I’m a 25-year-old man, and until recently, I believed I came from a very close and loving family. I have a younger brother who’s 24, a sister who’s 22, and parents in their early fifties. We were genuinely tight-knit. I spent nearly every holiday at home and most weekends there while I was in college. We grew up in the suburbs outside Minneapolis, and all of us attended the University of Minnesota. If someone had told me a year ago how drastically my life would change, I would have laughed and assumed they were being overly negative. Yet here I am.

I met my ex-fiancée, Stacy, who is now 24, during my sophomore year of college. We dated for years, and last December I proposed. She accepted, and we began planning a wedding for the following summer. We fully expected to settle down together in Minnesota and build our future there. Then, in April, everything completely unraveled. I came home unexpectedly one day and discovered my brother in bed with her. I panicked, lost it, and immediately left. I told her to get out of the apartment we shared, and she moved out. I cut off all contact with both her and my brother.

A few days later, she reached out and told me that over the years she had developed feelings for my brother and had fallen in love with him.
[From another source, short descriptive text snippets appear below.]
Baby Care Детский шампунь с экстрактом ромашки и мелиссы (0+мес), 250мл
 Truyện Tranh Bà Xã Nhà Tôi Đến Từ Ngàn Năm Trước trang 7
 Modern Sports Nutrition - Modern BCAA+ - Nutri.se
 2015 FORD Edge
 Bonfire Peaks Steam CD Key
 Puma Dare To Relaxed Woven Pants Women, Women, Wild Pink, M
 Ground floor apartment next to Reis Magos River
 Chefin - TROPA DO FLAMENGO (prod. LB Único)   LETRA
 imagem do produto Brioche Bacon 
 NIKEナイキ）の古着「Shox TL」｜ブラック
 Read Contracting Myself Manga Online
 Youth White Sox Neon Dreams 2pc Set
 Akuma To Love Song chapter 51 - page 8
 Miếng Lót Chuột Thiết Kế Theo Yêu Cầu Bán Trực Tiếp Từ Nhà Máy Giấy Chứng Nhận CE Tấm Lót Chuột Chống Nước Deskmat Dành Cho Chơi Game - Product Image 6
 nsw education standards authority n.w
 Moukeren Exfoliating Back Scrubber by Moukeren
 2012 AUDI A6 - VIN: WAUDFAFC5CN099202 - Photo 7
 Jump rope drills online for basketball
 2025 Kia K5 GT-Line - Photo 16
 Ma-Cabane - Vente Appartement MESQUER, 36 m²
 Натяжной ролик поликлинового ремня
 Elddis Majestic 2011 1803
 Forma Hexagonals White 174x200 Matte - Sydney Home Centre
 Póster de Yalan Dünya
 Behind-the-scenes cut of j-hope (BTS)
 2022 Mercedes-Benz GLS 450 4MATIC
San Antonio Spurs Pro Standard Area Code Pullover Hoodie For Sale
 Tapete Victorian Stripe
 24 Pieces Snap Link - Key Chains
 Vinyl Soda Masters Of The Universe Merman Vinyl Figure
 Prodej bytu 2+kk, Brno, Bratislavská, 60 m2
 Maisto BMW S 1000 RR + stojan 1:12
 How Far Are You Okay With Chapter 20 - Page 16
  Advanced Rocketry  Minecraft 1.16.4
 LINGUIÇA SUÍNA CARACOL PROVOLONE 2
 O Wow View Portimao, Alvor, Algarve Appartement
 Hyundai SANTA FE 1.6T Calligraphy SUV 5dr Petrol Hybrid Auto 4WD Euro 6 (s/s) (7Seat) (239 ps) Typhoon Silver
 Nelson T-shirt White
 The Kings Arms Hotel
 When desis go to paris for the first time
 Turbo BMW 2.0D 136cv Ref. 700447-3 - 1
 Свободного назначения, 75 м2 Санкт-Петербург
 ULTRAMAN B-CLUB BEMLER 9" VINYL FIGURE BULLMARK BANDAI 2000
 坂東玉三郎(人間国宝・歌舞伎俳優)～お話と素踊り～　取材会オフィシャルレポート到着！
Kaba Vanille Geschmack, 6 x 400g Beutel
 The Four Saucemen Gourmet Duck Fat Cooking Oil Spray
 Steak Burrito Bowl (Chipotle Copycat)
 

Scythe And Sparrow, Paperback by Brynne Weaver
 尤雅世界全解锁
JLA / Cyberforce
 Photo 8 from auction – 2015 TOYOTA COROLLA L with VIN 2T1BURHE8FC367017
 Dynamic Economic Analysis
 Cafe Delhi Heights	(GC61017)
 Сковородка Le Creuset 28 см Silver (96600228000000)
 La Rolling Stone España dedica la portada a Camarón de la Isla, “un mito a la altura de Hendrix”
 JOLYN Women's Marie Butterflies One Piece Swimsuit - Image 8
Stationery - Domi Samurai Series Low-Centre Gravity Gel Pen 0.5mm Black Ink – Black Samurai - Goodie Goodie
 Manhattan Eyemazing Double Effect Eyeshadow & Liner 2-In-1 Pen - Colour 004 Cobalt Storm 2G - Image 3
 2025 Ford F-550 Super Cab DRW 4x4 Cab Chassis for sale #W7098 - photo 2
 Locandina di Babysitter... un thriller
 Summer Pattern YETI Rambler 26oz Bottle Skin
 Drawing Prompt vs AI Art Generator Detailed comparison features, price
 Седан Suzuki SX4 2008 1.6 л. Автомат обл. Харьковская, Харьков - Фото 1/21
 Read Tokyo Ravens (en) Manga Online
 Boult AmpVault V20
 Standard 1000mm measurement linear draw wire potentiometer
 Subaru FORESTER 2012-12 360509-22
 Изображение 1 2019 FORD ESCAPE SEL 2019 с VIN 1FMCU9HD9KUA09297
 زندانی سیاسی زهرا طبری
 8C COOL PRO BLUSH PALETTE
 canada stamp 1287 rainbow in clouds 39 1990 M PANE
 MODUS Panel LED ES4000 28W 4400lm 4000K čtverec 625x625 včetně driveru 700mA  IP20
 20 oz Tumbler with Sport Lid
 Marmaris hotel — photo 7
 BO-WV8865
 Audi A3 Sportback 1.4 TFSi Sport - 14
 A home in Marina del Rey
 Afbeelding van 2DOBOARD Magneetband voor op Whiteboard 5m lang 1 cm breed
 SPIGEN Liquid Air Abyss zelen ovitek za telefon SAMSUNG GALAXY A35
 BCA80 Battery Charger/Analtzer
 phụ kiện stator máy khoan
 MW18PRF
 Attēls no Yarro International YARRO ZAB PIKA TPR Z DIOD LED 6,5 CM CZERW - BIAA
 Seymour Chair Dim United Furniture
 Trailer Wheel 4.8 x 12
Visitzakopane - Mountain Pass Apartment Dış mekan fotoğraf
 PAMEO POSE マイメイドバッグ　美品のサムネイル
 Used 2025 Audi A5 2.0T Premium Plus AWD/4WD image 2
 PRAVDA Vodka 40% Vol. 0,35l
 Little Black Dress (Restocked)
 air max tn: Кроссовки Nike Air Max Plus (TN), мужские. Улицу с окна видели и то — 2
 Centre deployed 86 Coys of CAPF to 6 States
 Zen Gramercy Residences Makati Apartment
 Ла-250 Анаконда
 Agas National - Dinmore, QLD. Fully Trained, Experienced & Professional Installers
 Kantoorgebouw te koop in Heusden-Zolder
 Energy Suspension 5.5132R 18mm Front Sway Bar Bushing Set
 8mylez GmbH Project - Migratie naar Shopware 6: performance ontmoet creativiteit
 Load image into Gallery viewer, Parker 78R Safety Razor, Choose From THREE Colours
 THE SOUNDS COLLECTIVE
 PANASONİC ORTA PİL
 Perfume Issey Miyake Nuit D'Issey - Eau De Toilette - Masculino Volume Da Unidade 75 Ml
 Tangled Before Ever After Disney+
She apologized but said that’s where her heart truly was. After that conversation, I blocked them both entirely.

At first, the rest of my family supported me. They took my side and even excluded my brother from family gatherings. I started the slow process of healing and trying to rebuild my life. Around that time, a major opportunity came up at work. My boss called me into his office and told me he had recommended me to lead our Chicago branch. Apparently, that office was in disarray, and the company wanted someone trusted from headquarters to step in. I was shocked, but I accepted the offer. I never imagined leaving Minnesota, but I felt like a fresh start was exactly what I needed.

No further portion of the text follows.